Há vários equívocos nas propostas que tramitam no Congresso para tentar reduzir o preço dos combustíveis. Uma das ideias é mudar a fórmula de cálculo do ICMS para ser um valor fixo e não um percentual. Em geral, os impostos são percentuais sobre alguma coisa: lucro, renda, valor adicionado. O PIS/Cofins sobre combustíveis é dos poucos que é valor fixo. Os estados tiveram aumento de arrecadação, mas não foram ‘culpados’ pela alta dos preços, aliás, o governo federal também aumentou sua arrecadação em todos os tributos no ano passado.

O principal erro das propostas é achar que o país deve subsidiar combustíveis fósseis. Isso incentiva o uso de um grande emissor de gases de efeito estufa. Sendo um subsídio linear é ainda pior. Com o diesel mais barato, estamos dando dinheiro para o caminhoneiro autônomo. Mas também para a empresa que tenha frota de transporte, para a lancha, para o iate e os SUVs. A gasolina mais barata ajuda a família que tem apenas um carro e cujo orçamento está apertado com a escalada dos preços. Mas o benefício irá também para os ricos com a garagem cheia de carros de luxo.

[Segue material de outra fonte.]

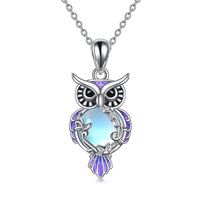 Sterling Silver Filigree Moonstone Owl Necklace Gifts Jewelry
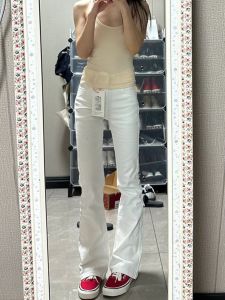 High Waist Flared Jeans Womens Stretchy Slimming White Elastic Trendy Cotton Denim Pants Bootcut Trousers Summer Fashion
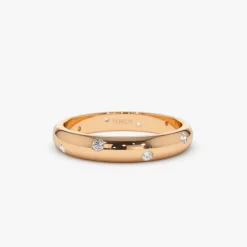 14k 3MM Dome Burnish Setting Women's Wedding Ring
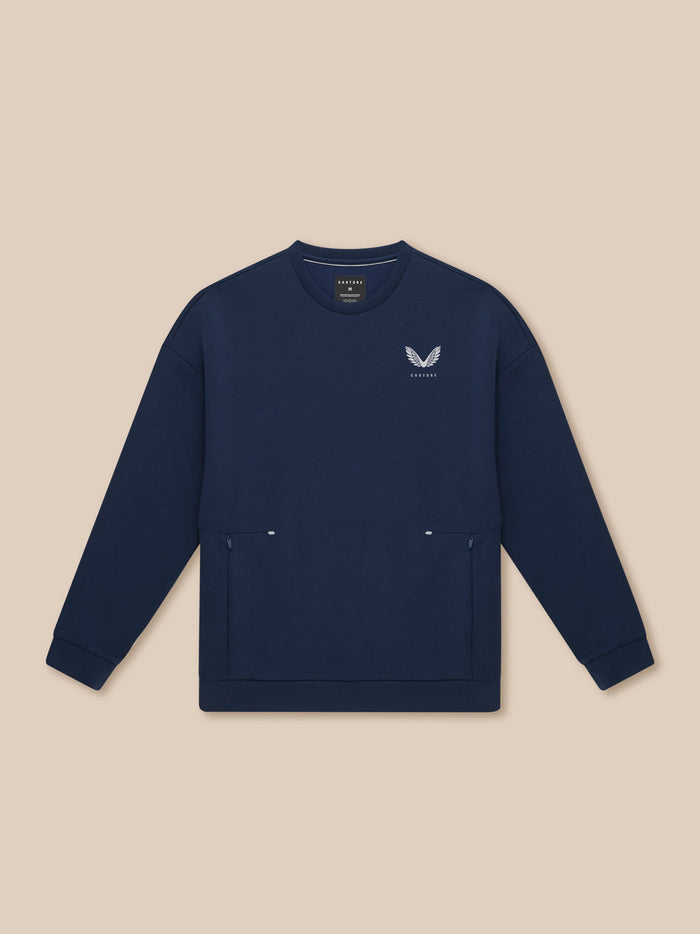 Navy Travel Lifestyle Sweatshirt front view with zip pockets and small left chest logo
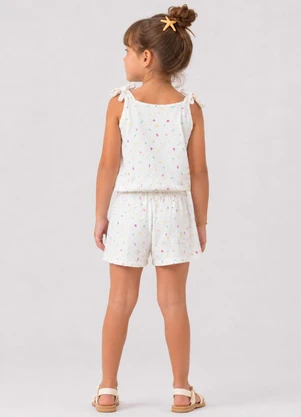 Select - Conjunto Infantil Blusa de Alça e Short Branco - SELECT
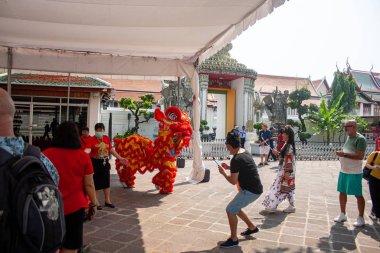 Bangkok, Thailand, January 23, 2020. Wat Pho Buddist temple complex, preparation to celebration Chinese New Year 2020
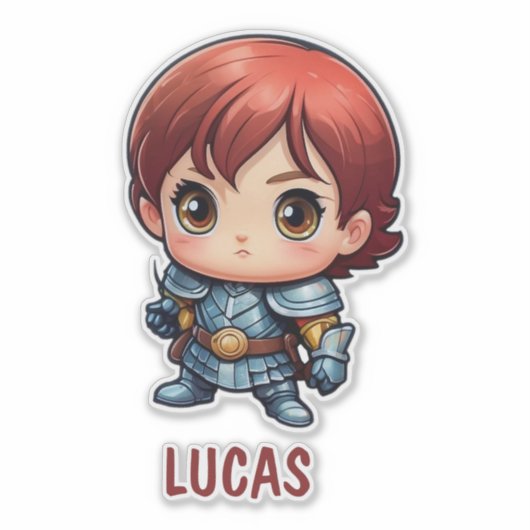 Chibi Knight Personalized Kids Cut Viny Aufkleber (Vorderseite)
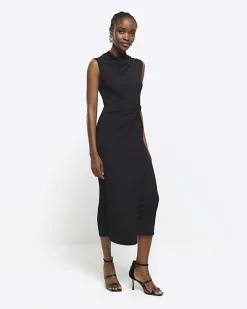 Black cowl tank midi dress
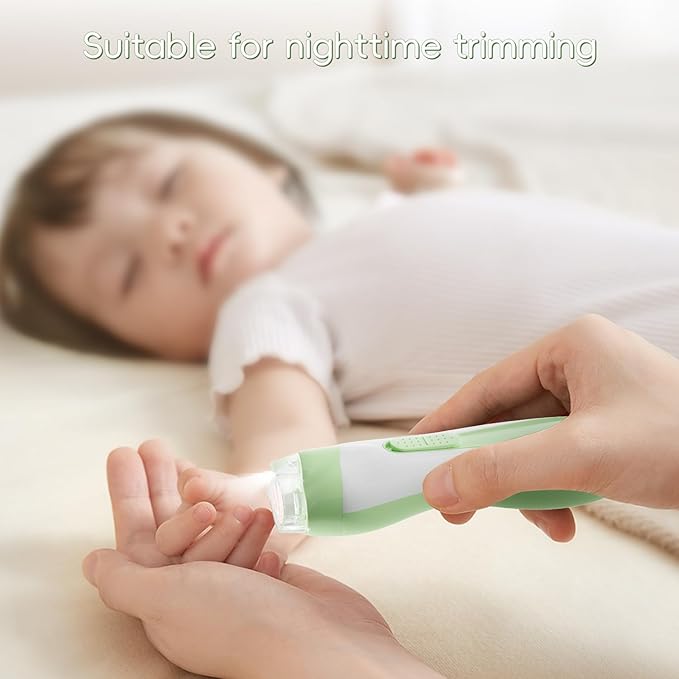 Baby Nail Trimmer Electric, 15 in 1 Baby Nail Clippers for Gentle Nail Care, Rechargeable Baby Nail File Electric with Light &15 Grinding Pads for Infant Toddler, Green-CubbioJoy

A proposta de segurar o preço dos combustíveis é um fetiche que captura partidos de todas as tendências. Tanto que a ideia de que o ICMS deve ter valor fixo é defendida pelo presidente Jair Bolsonaro, e o senador que está relatando esse projeto é do PT, Jean Paul Prates.

O senador relata dois projetos. Um deles cria uma conta para atenuar as altas de preços, o outro transforma em valor fixo a cobrança do ICMS. Prates defende os seus projetos argumentando que nenhum dos dois envolve desoneração, por isso não haveria problema com a lei eleitoral, que impede esse tipo de benefício perto das eleições.

O problema é que eles tiram recursos dos cofres públicos. O fundo seria financiado com parte dos royalties de petróleo, da participação especial e dos bônus de assinatura. Recursos que deixariam de entrar no Tesouro para ir para os consumidores. Outra ideia, que já enfrenta uma série de emendas contrárias, é de criar um imposto de exportação de petróleo para capitalizar esse fundo.

Um especialista na área de petróleo explica que o principal efeito de um imposto de exportação de petróleo é desestimular novos projetos de investimento e a recuperação de campos de produção.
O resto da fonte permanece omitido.